The programs in the GENSYS package can easily be adjusted to fit into different queue systems. A queue system is used for executing many calcuations in series, running the computers in a cluster at maximum load without overloading. To communicate with the queue system on your computer, Gensys are using the following scripts:
q_sys = Sending a job to the queue system
q_stat = Checking the status of jobs submitted to the queue system
q_del = Deleting a job running in the queue system
The above scripts are located in directory $gensys/bin. The communication between Gensys and the installed queue system on your machine must go via these three scripts.


Script q_sys

Sends a job to the queue system.

The programs in Gensys calls script q_sys with three arguments:

Arg $1 = Script to be executed
Arg $2 = Name of queue where the job shall be sent to (short/long/night)
Arg $3 = Name of ident

Examples showing how q_sys can look for different queue systems:

Queue system LSF:

echo "--- Sending job to queue system LSF ------------------------"
echo "File      $1"
echo "Queue     $2"
echo "Ident     $3"
bsub  -q $2  -J $3  $1
exit_status=$?

Queue system PBSPro:

echo "--- Sending job to queue system PBSPro ---------------------"
echo "File      $PWD/$1"
qsub $PWD/$1
exit_status=$?

Queue system Q-sys:

echo "--- Sending job to queue system Q-sys ----------------------"
echo "File      $1"
echo "Queue     $2"
echo "Ident     $3"
Q-sys $1 $2 $3
exit_status=$?

Queue system SLURM:

echo "--- Sending job to queue system SLURM ----------------------"
echo "File      \"$1\""
echo "Queue     $2"

echo "sbatch --output=\"qout/slurm.stdout\" \"$1\""
sbatch --output="qout/$3_slurm.stdout" --open-mode=append $1

Queue system SQS:

echo "--- Sending job to queue system SQS ------------------------"
echo "File      \"$1\""
echo "Queue     $2"
echo  "/home/gensys/bin/qsub -q $2 \"$1\""
jobnr=`/home/gensys/bin/qsub -q $2 \"$1\"| head -1`
echo "Job nr    $jobnr"
sleep 7
echo q_stat
$gensys/bin/q_stat
$gensys/bin/q_stat | grep $jobnr > /dev/null
exit_status=$?
if [ $exit_status -ne 0 ]; then
 echo " * warning * In Script `basename $0`"
 echo "             Your job has stopped after a very short time."
 echo "             Please write \"qinit stop\" in case demon qseek"
 echo "             is running in the wrong directory."
 echo "             Output from script $col_red"$1"$col_black has been written to file"
 echo "             "$col_red"qout/$3.qout"$col_black
 echo
fi

Script q_stat

Lists current jobs in queue system.

Script q_stat do not hold any arguments.

Examples showing how q_sys can look for different queue systems:

Queue system LSF:

xlsbatch &

Queue system PBSPro:

qstat

Queue system Q-sys:

Q-stat

Queue system SLURM:

squeue

Queue system SQS:

qinit show

Script q_del

Deletes a job to the queue system.

The argument list to script q_del, shall contain a list of the jobs that shall be deleted.

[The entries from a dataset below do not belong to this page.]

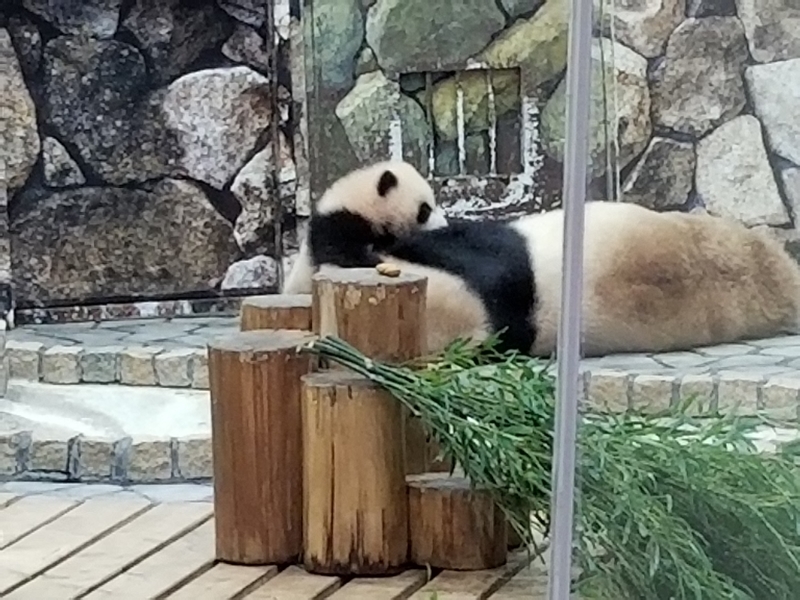 f:id:cafenoir-panda:20190421201239j:plain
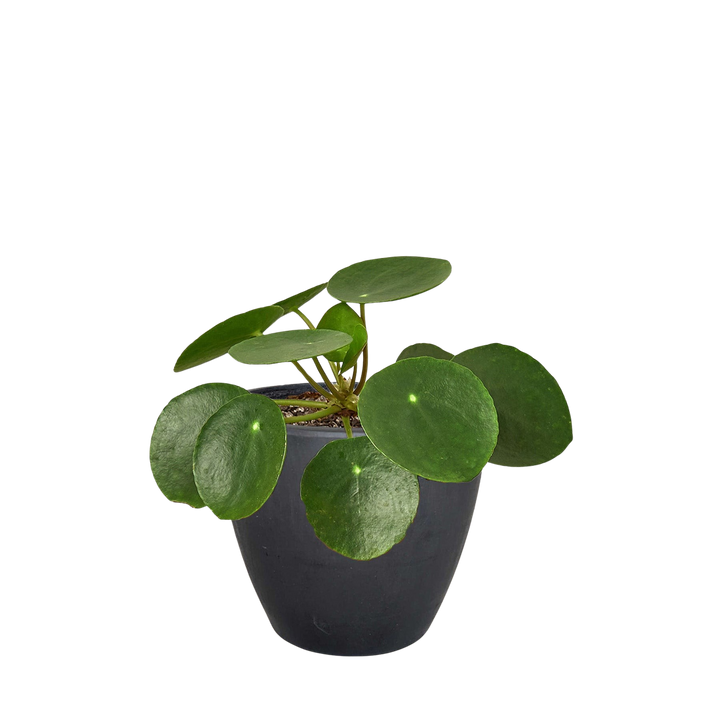 Pilea Peperomioides &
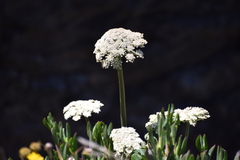 Angelica hendersonii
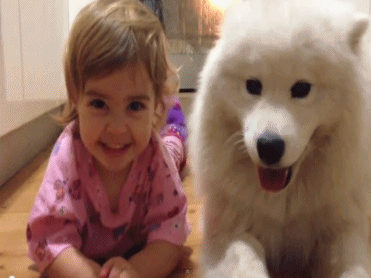 심장을 폭행하는 사모예드 댕댕이들 | 인스티즈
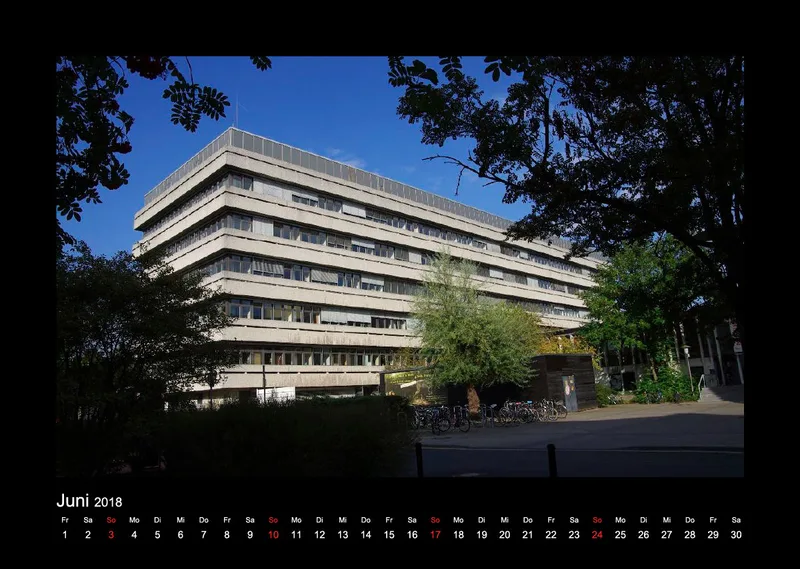IMG Kalender 2019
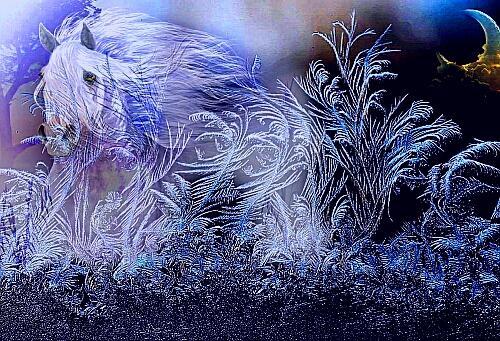 Поле меланхолий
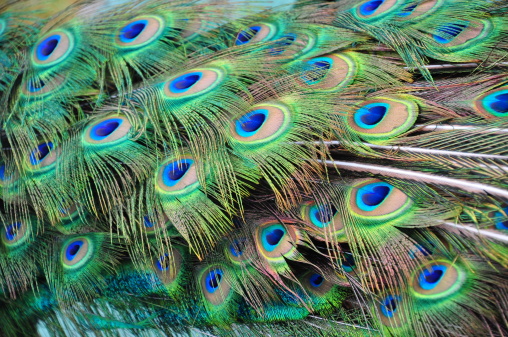Tail of a male peacock as a background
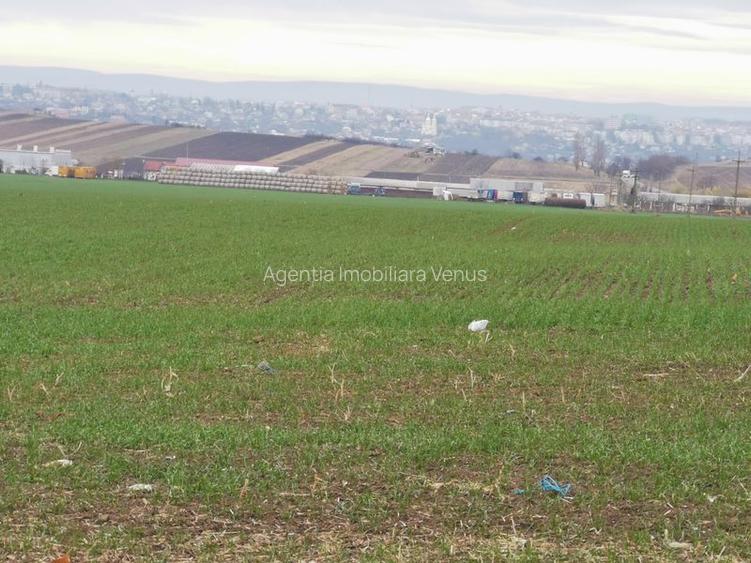 Terenuri in Rachiti - 9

Examples showing how q_sys can look for different queue systems:

Queue system LSF:

bkill $@

Queue system PBSPro:

qdel $@

Queue system Q-sys:

Q-del $@

Queue system SLURM:

scancel $@

Queue system SQS:

qdel $@

Debugging SLURM

Check that all SLURM demons are up and running

ps -ef | grep munged | grep -v grep
ps -ef | grep slurmd | grep -v grep
ps -ef | grep slurmctld | grep -v grep

Display information about all partitions:

sinfo -a --long --Node

To change the node state from DRAIN, DRAINING, DOWN or REBOOT to IDLE, give the following command:

sudo scontrol update nodename=`hostname` state=resume reason="The node states has been resumed"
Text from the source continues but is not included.